**** Exercise data

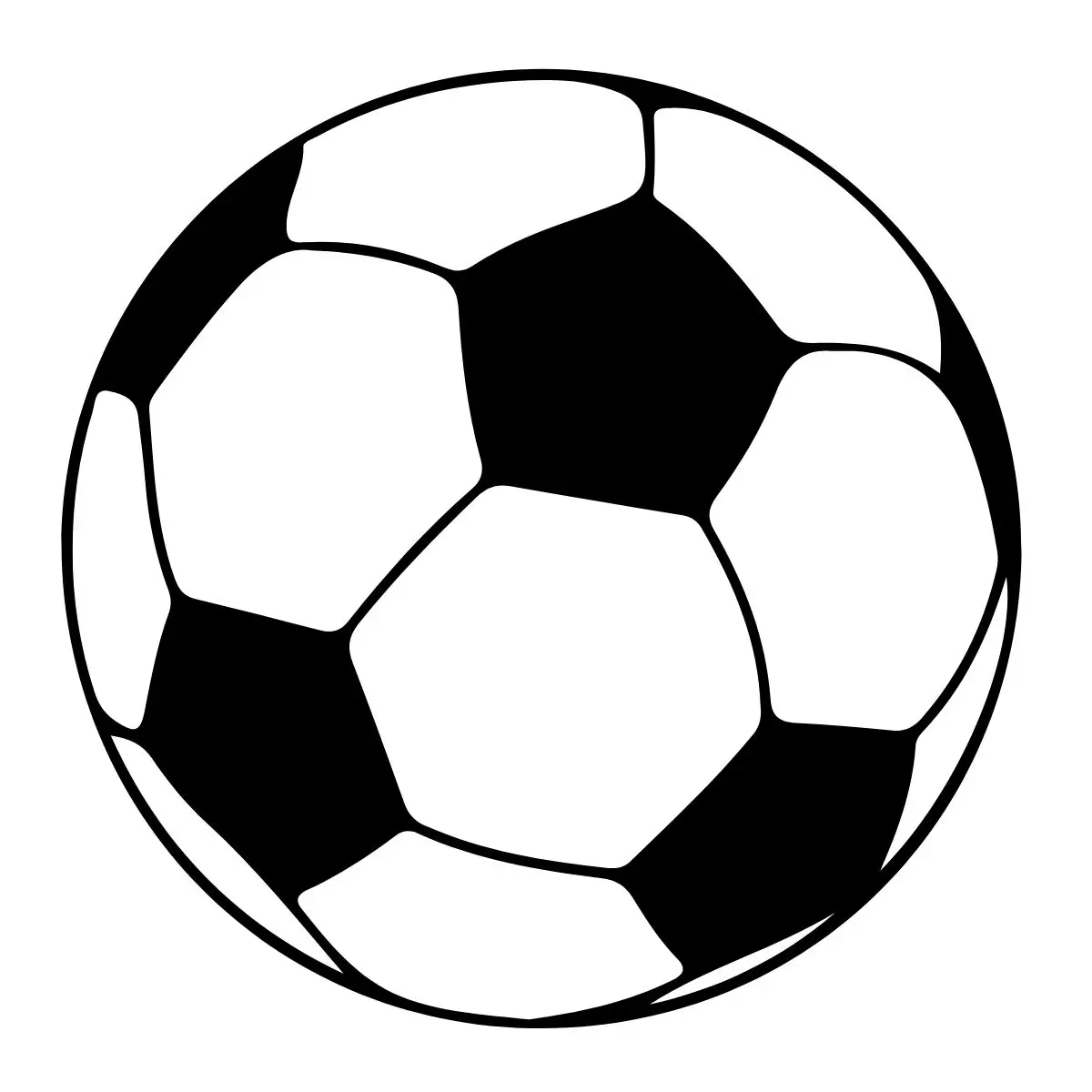 Desenho simples de uma bola de futebol em preto e branco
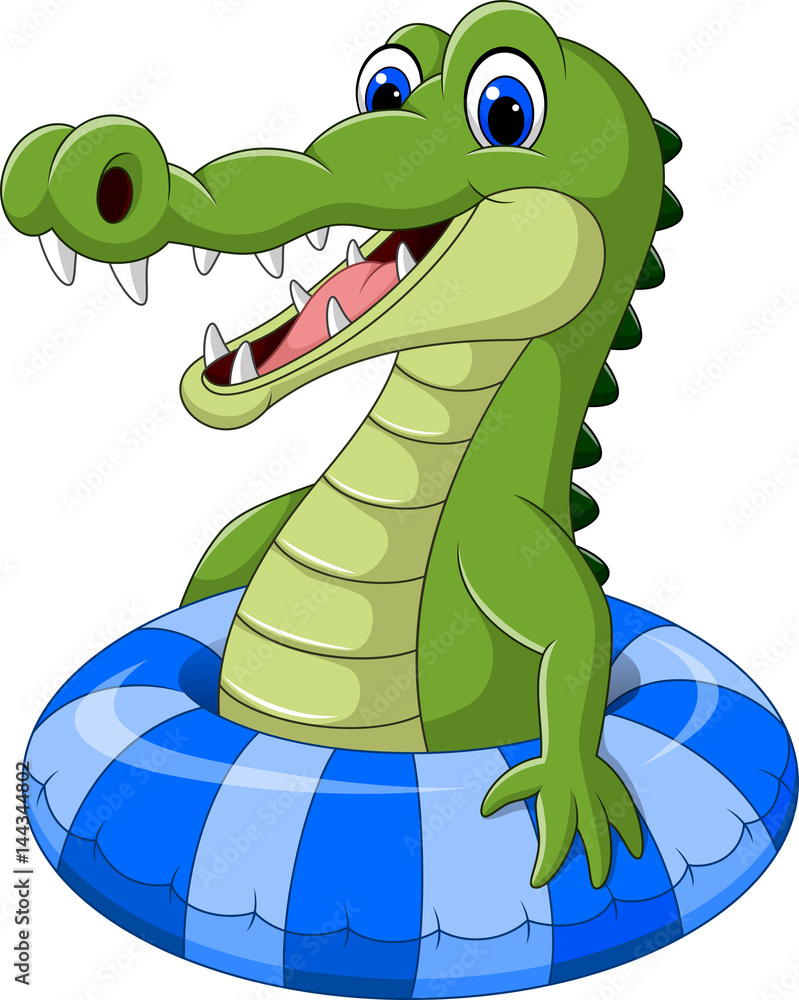 Naklejka premium Cartoon crocodile with inflatable ring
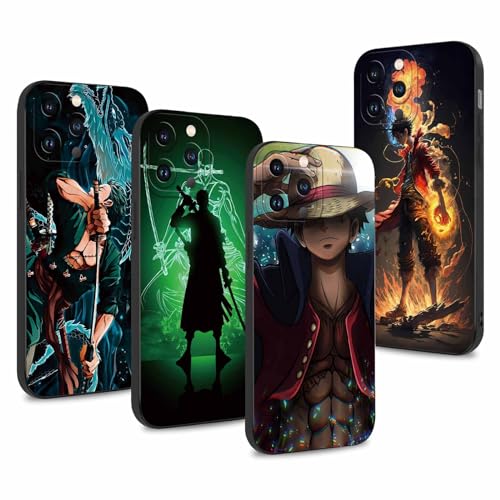 PBNDJVG 4 Stück Handyhülle für Apple iPhone 13 Pro Max Hülle 6.7'' Anime Luffy Zoro Gear 5 Sun God Nika Manga Muster Design Case Kameraschutz Schutzhülle TPU Silikon Weich Ultra Dünn von PBNDJVG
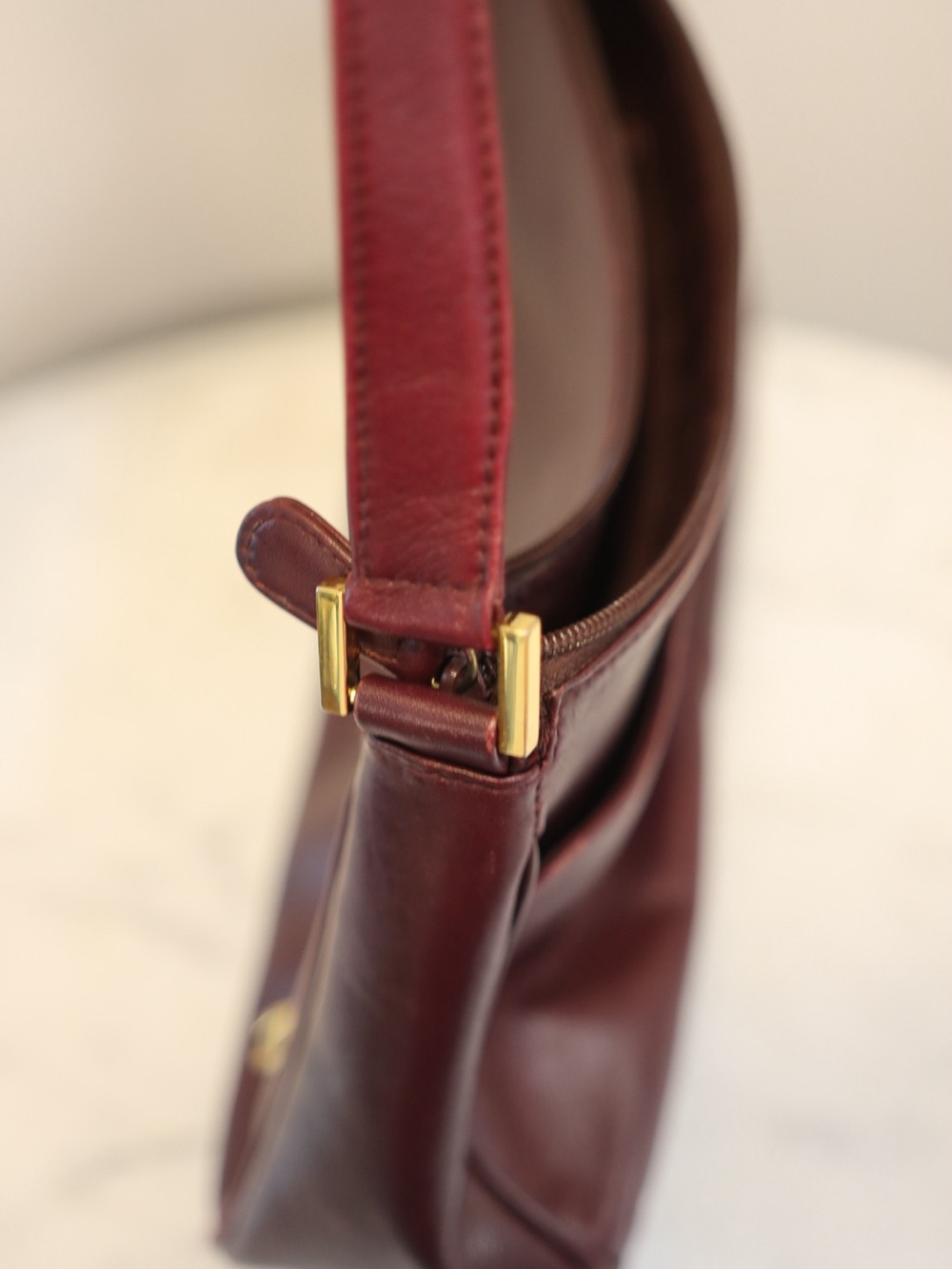 Etienne Aigner Oxblood Leather Shoulder Bag with Gold Hardware - Picture 9 of 9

********

- **Task brief**
Starting at the line that contains "PBNDJVG 4 Stück", transcribe every line through the end of the listing exactly, including both end lines and excluding pictures.

- **Solution to the problem**
 PBNDJVG 4 Stück Handyhülle für Apple iPhone 13 Pro Max Hülle 6.7'' Anime Luffy Zoro Gear 5 Sun God Nika Manga Muster Design Case Kameraschutz Schutzhülle TPU Silikon Weich Ultra Dünn von PBNDJVG
 Etienne Aigner Oxblood Leather Shoulder Bag with Gold Hardware - Picture 9 of 9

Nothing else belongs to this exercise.